It has been demonstrated by Apple, Inc. (NASDAQ:AAPL) that it can sell smartphones like no one’s business, and especially in the United States and the burgeoning market in China. Overall, sales of Apple products in China were robust in the company’s latest quarterly report. But there is evidence that suggests that Apple may be losing some of its luster in China, especially iwith its iPhone.
In the most recent report by the International Data Corporation called the “Worldwide Quarterly Mobile Phone Tracker,” which provides information on sales and volume of mobile phones sold around the world (including smartphones like the iPhone and Samsung Galaxy), the mobile phone market grew by 1 percent year-over-year during the second quarter of 2012, and virtually every company in the market saw gains, with Apple and Samsung still leading the way – more than doubling their market share in 2012 compared to a year earlier.

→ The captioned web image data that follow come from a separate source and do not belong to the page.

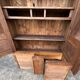 Empire wardrobe in solid walnut, France, mid-19th century.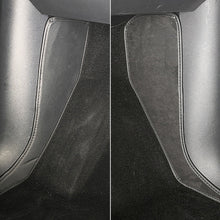 Load image into Gallery viewer, 2Pcs Car Interior Central Control Side Defense Kick Pad Protective Foot Pad Accessories Decoration Trim For Tesla Model 3 Model Y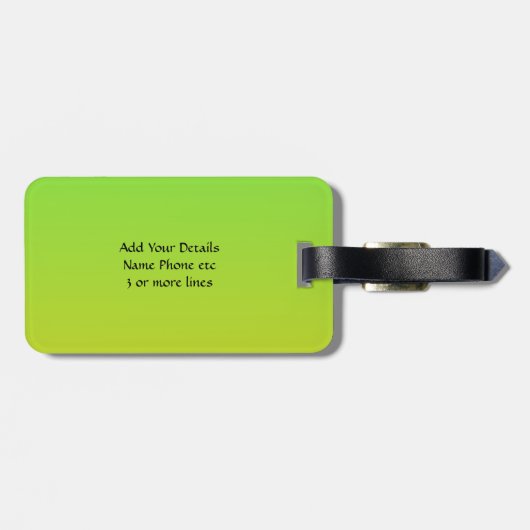 ALLE Texte ändern, Fairness Dinkum Aussie Flag Kar Gepäckanhänger (Rückseite horizontal)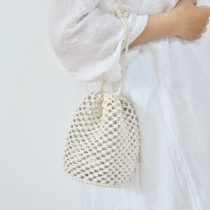 Tea Green original design paper kite handbag diy material bag finished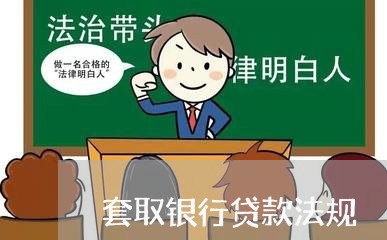 套取银行贷款法规 套取银行贷款法规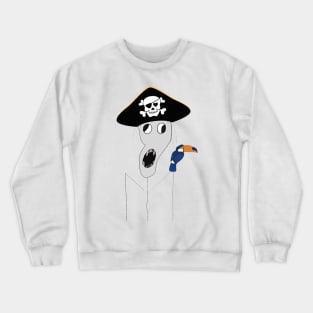 Zombie pirate Crewneck Sweatshirt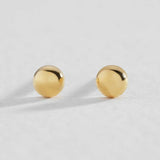 Revere 9ct gold plated stud earrings, UK version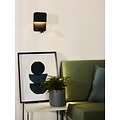 Multifunctional black wall lamp 10W with USB charging point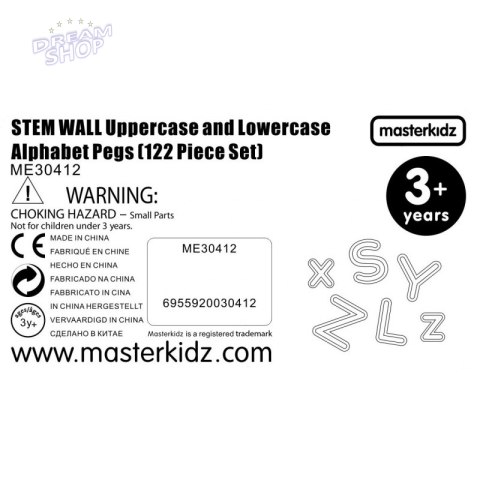 MASTERKIDZ Alfabet Zestaw Liter (Dużych i Małych) do Paneli Ściennych STEM 122 el. MASTERKIDZ Alfabet Zestaw Liter (Dużych i Małych) do Paneli Ściennych STEM 122 el.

However, there may be some concern over at Apple, where its China sales overall of $5.7 billion in the second quarter of 2012 was 48 percent higher than in the same quarter of 2011 – but was 28 percent lower than the first quarter of 2012 ($7.9 billion). This is noteworthy, since China’s growth rate is at about 8-9 percent every ear, yet the revenue number is down. Overall, Apple’s phone sales were down 26 percent overall from the prior quarter, though IDC analysts see that as a normal pattern for Apple – it introduces a new iPhone version just about every year, and sales boom for two quarters upon the launch, then wane in preparation of the newest version.

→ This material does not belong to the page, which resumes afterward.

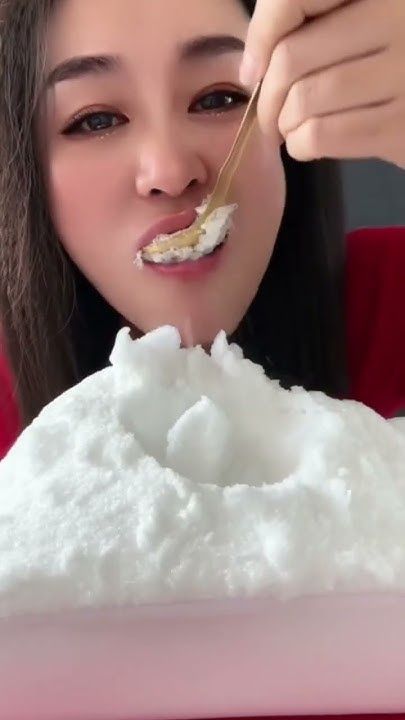 Asmr Soft Ice Eating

Is this just another pre-launch iPhone lag, or can the results in China portend some danger? After all, Apple is dealing with some regulatory issues in the country now, which may affect its image and may taint the iPhone 5 launch later this year. Only the results of the i5 launch can tell us for sure whether Apple is truly losing market share in China or elsewhere.
Samsung is still the leader among smartphones, but Apple is a close second and is the only true competitor left in the market. Nokia Corporation (NYSE:NOK) has lagged behind, the last quarter posting low numbers not seen since 2005, according to the IDC report.